We are excited to put a lid (cough cough) on this competition and release the winning solutions out to the world. Congratulations to all of our competitors for all their work during the competition, and particularly to our top three finalists who you can meet below!

This challenge ran for two months, and we saw a lot of improvement over that time. Then at the beginning of July, top modelers made predictions for where minor, major, and severe hygiene violations would surface for the next 6 weeks. Over that time, we compared their predictions with what public health inspectors actually found when they went into restaurants! At the end of the evaluation period, we saw which teams had developed the most accurate predictions.

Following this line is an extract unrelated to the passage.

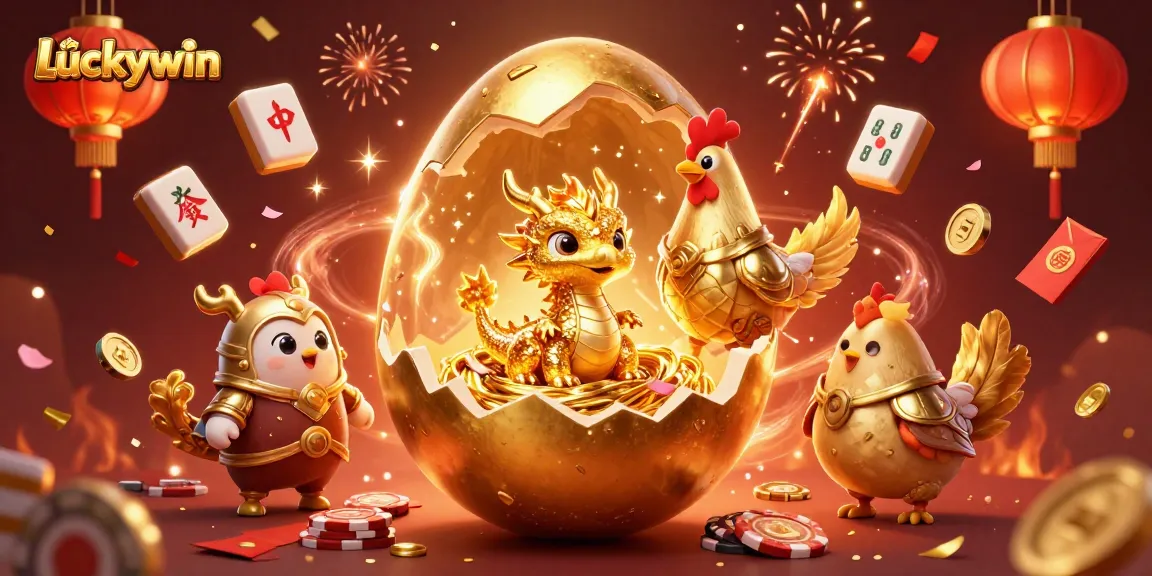 Experience excitement at Luckywin with a golden dragon amongst gaming symbols.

You can read about how they made their models below. We've already seen some exciting follow-up, including an article in the Washington Post. Check it out:

"Using the winning algorithm, [Harvard researcher Mike] Luca says, Boston could catch the same number of health violations with 40 percent fewer inspections, simply by better targeting city resources at what appear to be dirty-kitchen hotspots. The city of Boston is now considering ways to use such a model."

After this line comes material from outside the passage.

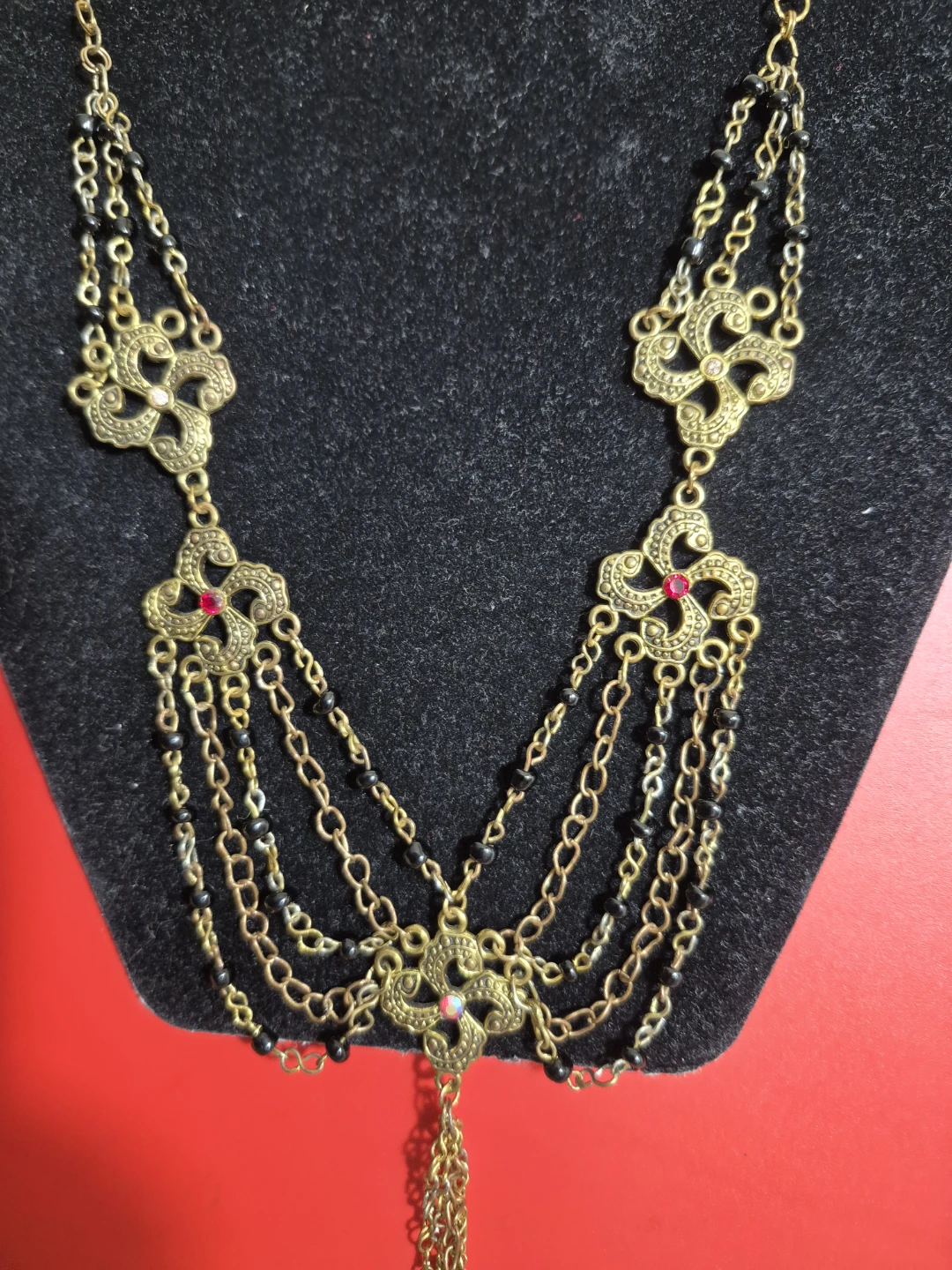 New Statement Necklace with Filigree and Beads - photo 3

Way to go DrivenDatistas! If you're geared up to work on more data challenges, check out our competitions page for the latest. For the data used in Keeping it Fresh, check out this competition's open data page. Thanks for all your submissions and keep up the good work!


Meet the winners!

1st Place

Name: Liliana Medina

Home base: St. Ives, England

Background: My name is Liliana Medina, I'm a Portuguese citizen currently living and working in Cambridge, UK. I am presently a data scientist for ForecastThis, where I've been involved in the development of a machine-learning-as-a-service platform, DSX, and also in financial forecasting, web traffic fraud detection and text analysis related projects. Before this I was a data and text mining specialist for 365Media. I have an MSc in Electrical and Computer Engineering, and my thesis work was focused on pattern detection in electrophysiological signals, using unsupervised learning methods. I'm going back to college soon, as I have recently enrolled in an Astronomy certification programme at the University of Cambridge's Institute of Continuing Education.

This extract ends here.